Être nu en société, c’est d’abord et avant tout s’accepter tel que l’on est et accepter l’autre tel qu’il est. C’est faire preuve d’un équilibre psychologique qui permet de ne pas accorder d’importance au paraître. Il est de notoriété que les naturistes se regardent dans les yeux. Ils ne se dévisagent pas ni ne cherchent à montrer leur statut social par leurs vêtements de marque. La nudité sociale n’est donc absolument pas une perversion, mais une preuve, s’il en était, de maturité mentale, émotionnelle et psychologique. En acceptant la nudité simple et en la décorrélant de la sexualité, le corps n’est que l’enveloppe de notre âme, de notre moi, de notre être, de notre vie.

Simplicité et confort

Être nu est confortable. Cette affirmation prend son sens quand cette nudité ne s’accompagne d’aucune arrière-pensée. Nu, la peau respire, aucune contrainte vestimentaire ne vient frotter ni contraindre.
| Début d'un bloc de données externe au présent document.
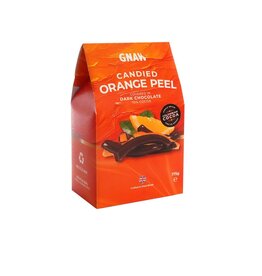 Gnaw Dark Chocolate Orange Peel, 175g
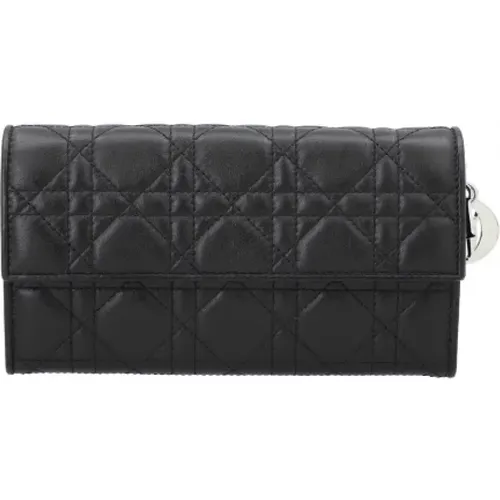 Pre-owned Leather clutches , female, Sizes: ONE SIZE - Dior Vintage - Modalova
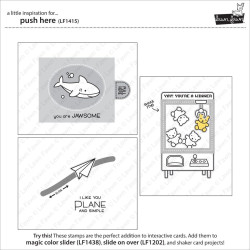 Lawn Fawn Push Here Stamp Set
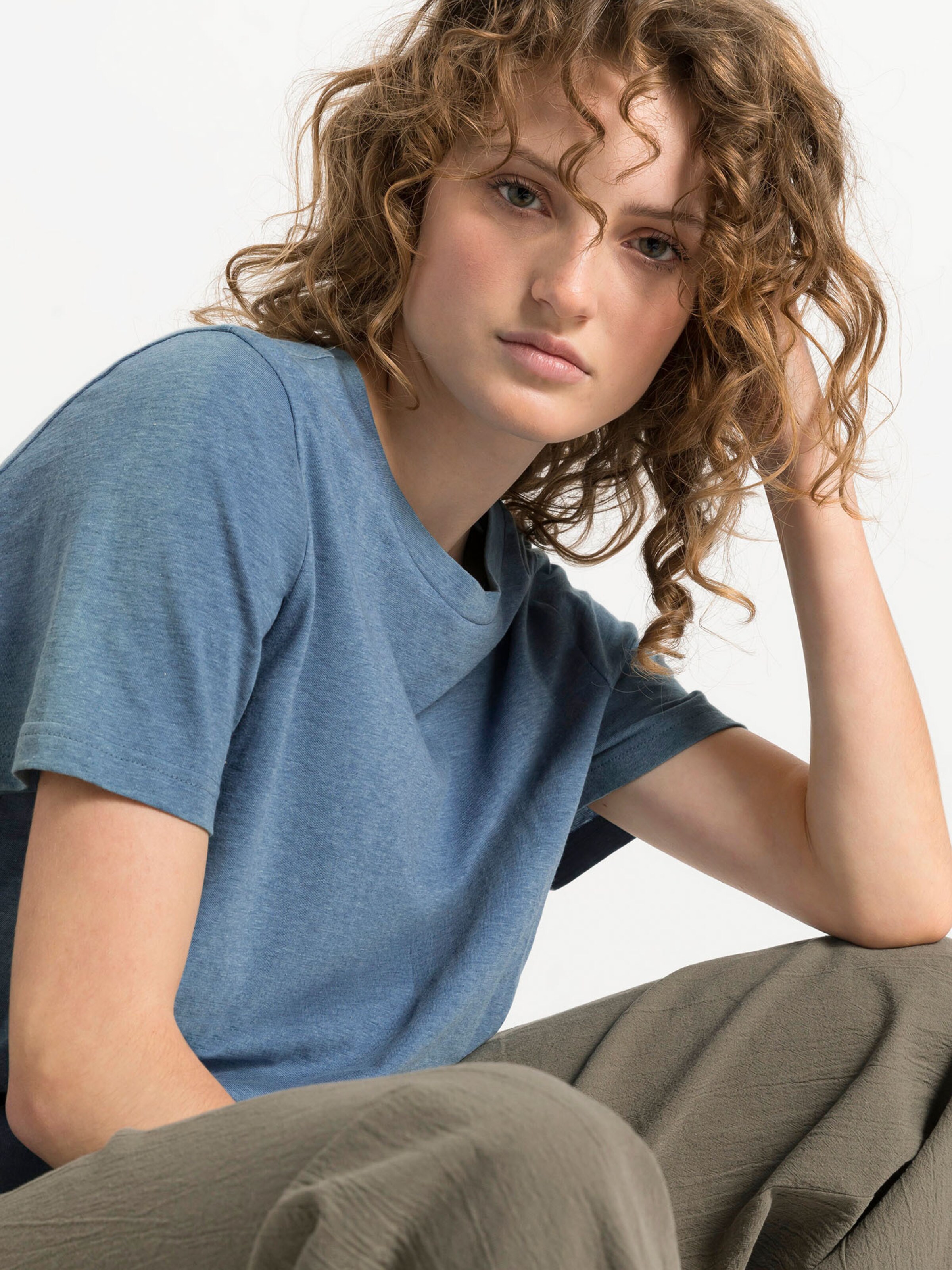 Frauen Shirts & Tops hessnatur T-Shirt in Blau - ES06575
Accepter sa nudité c’est accueillir le confort non seulement un confort physique, mais aussi psychologique. Ce dernier élimine la honte du corps et celle de ses imperfections. Pour tous ceux qui le ressentent, c’est un bonheur incroyable.
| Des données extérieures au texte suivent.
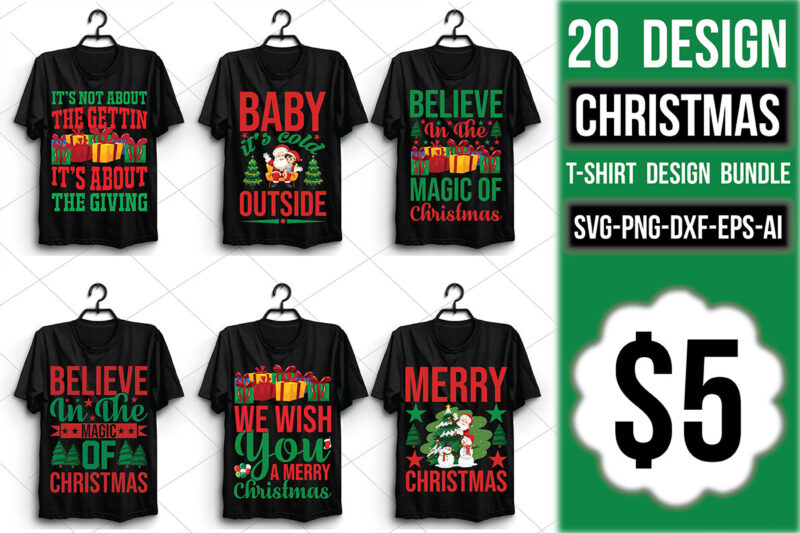 Christmas T-shirt Design bundle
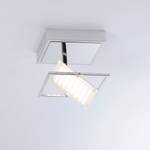 Plafonnier LED Fantino Verre / Acier - 1 ampoule - Largeur : 18 cm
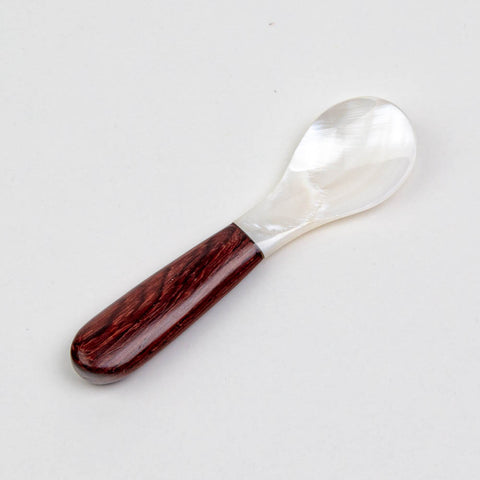 Caviar spoon - wood + mother-of-pearl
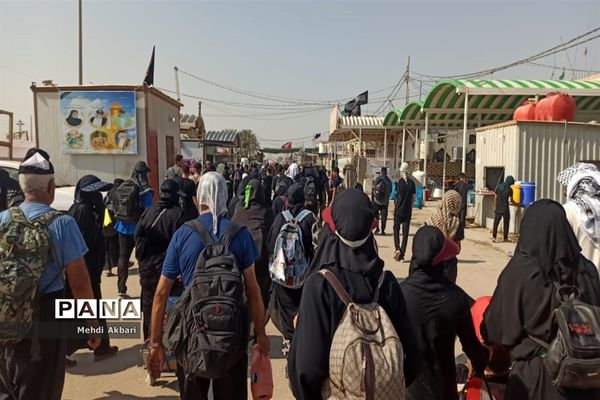 عاشقان حسینی در مسیر شهرنجف به کربلا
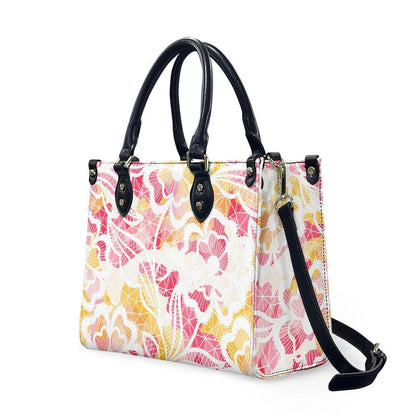 Ladies PU handbag With Floral Print,  PU Handbag, Women's Shoulder Bag, Shoulder Bag, Ladies Work Bag, Elegant Handbag, Versatile Bag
La nudité est aussi souvent associée à la simplicité et au minimalisme. Dénudé, je me débarrasse de ce qui m’est inutile. Je retrouve une forme de simplicité de la vie, des rapports humains et de ceux à mon environnement. Pourquoi associer nudité et simplicité ? C’est une association qui m’est venue alors que je lisais le livre de Marie Kondo, la magie du rangement.

Dans ce livre, l’auteur nous explique comment simplifier notre chez-soi, à commencer par notre armoire. Appréciant les intérieurs dépouillés, j’ai commencé à me débarrasser de nombreux objets et vêtements, pour ne conserver que ceux qui me rendaient vraiment heureux. Étant particulièrement heureux quand je suis nu, l’association m’est venue naturellement. J’étais entrain de, littéralement, dénuder mon intérieur et mon armoire. La simplicité et le minimalisme me sont alors apparus comme des formes de sophistication bienheureuse. Fruits de la recherche d’un équilibre tant physique que psychologique.
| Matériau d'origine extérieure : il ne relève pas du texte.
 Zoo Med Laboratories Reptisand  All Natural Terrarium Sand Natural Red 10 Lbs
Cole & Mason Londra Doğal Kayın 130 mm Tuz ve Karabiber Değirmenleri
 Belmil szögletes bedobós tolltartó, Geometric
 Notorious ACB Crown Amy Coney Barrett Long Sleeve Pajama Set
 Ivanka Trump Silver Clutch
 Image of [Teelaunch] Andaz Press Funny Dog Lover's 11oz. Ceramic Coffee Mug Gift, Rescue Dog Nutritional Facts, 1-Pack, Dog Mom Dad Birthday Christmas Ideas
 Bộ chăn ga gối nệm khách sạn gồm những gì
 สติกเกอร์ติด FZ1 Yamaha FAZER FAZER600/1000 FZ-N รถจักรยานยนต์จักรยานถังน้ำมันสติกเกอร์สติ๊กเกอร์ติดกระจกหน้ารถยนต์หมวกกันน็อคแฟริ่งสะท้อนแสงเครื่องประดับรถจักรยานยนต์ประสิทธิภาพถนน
Si le confort de la nudité est un point commun à une majorité de naturistes et nudistes, la simplicité n’est pas toujours recherchée. Pourtant elle est bien là. Quoi de plus simple que de ne porter aucun vêtement ? Je lisais récemment un article qui expliquait pourquoi certains leaders comme Mark Zuckerberg ou Steve Jobs portaient toujours les mêmes vêtements : la diminution de leur charge mentale. Ne pas avoir à choisir des vêtements le matin leur permet de se focaliser sur ce qui importe pour eux. Je ressens la même chose avec la nudité. Je ne me pose pas la question de la chemise, du short ou du maillot de bain à porter. Et si je dois me la poser, la réduction de ma garde-robe aux seuls vêtements qui me rendent vraiment heureux contribue à la simplification de ma vie, dont la nudité fait partie intégrale.

Alors, oui, être nu est confortable et simple à vivre, y compris au quotidien. Ce faisant, être nu devient un état que l’on ne remarque plus. La nudité est désexualisée, normalisée devrais-je dire, rendue à qu’elle devrait toujours être, un état naturel, simple et confortable, dont on peut profiter dès que les vêtements ne sont pas nécessaires.

Dénudez-vous, restez nu, vivez nu et partagez l’amour du naturisme.